Pour nos épiméthéens, le lien social professionnel, s'il existe bien évidemment à travers les lieux de rencontre professionnel traditionnel que sont les Ordres, les Centres de formation, les couloirs des Palais de Justice eux-mêmes, afin d'échanger points de vue et réflexions sur le Droit, les droits et le métier, il est plus difficile à organiser, à structurer, à systématiser. Et, c'est bien la fluidification, la structuration et la systématisation que permet, aujourd'hui internet, et plus précisément les réseaux sociaux professionnelles numériques.

Alors, tout le monde connaît, déjà, Facebook et Twitter qui en l'espace de deux ans sont devenus l'épicentre des réseaux sociaux mondiaux. Mais, convenons qu'il n'est pas souhaitable de mélanger les genres : réseau amical et réseau professionnel ; discussion sur ses dernières vacances et interprétation d'une dernière disposition de la loi de finances ; invitation à un fête costumée et invitation à une "table ronde" sur un produit d'ingénierie sociale... L'urgence est, alors, aux réseaux sociaux professionnels personnalisés, communautarisés et fondés sur un seul critère de discrimination : le Droit.

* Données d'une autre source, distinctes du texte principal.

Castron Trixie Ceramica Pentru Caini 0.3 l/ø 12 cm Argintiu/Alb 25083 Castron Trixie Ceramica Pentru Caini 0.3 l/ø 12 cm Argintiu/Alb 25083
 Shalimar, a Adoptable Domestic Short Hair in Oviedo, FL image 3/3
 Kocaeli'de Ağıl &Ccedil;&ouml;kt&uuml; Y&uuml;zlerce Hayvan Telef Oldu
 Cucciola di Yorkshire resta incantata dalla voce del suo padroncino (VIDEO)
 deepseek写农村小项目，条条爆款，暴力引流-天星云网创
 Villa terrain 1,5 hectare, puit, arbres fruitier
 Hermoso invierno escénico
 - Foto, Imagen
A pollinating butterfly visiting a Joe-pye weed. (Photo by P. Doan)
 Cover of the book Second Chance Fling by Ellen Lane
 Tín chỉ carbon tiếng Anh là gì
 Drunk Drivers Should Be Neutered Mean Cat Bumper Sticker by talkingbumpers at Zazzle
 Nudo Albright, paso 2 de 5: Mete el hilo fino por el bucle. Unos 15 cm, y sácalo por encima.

Et, au final, ce que permettent les réseaux sociaux professionnels numériques, c'est ni plus ni moins que de mettre tout le monde à égalité, ou presque, devant les vertus de la synergie et de la mutualisation. Ces réseaux ne peuvent, évidemment, pas tout : ni apporter des solutions juridiques toutes prêtes, ni trouver de nouveaux clients, ni interagir tout seul avec des clients actuels. Ils ne sont que les neurotransmetteurs d'une volonté affirmée et qui doit être systématique d'échanger, de partager, d'informer et de s'informer sur l'évolution du droit, du marché, du métier. Ils ne remplacent en rien une démarche personnelle de l'avocat, ils ne sont que les vecteurs de communication organisés et structurés au service de l'efficacité productive juridique.

Il n'y a qu'à lire le Protagoras de Platon pour se rappeler que le mythe prométhéen est celui de l'apport, à travers le feu, de la connaissance aux Hommes. Et, Gaston Bachelard de parler de "complexe de Prométhée" qui traduit "toutes les tendances qui nous poussent à savoir autant que nos pères, plus que nos pères, autant que nos maîtres, plus que nos maîtres".

Voici qu'internet et les réseaux sociaux professionnels, à la suite de l'accès numérique au droit et à l'analyse juridique, loin de vulgariser le savoir juridique qui demeure scientifique et technique, éloignent les "Monsieur Purgon" dont seul le verbiage était l'apanage, et rapprochent les avocats au sein d'une même communauté d'internautes professionnels, aux intérêts communs évidents, aux synergies et mutualisations des savoirs souhaitables. Ainsi, Epiméthée rejoint son frère Prométhée au Panthéon des savoirs pratiques et techniques, à armes égales.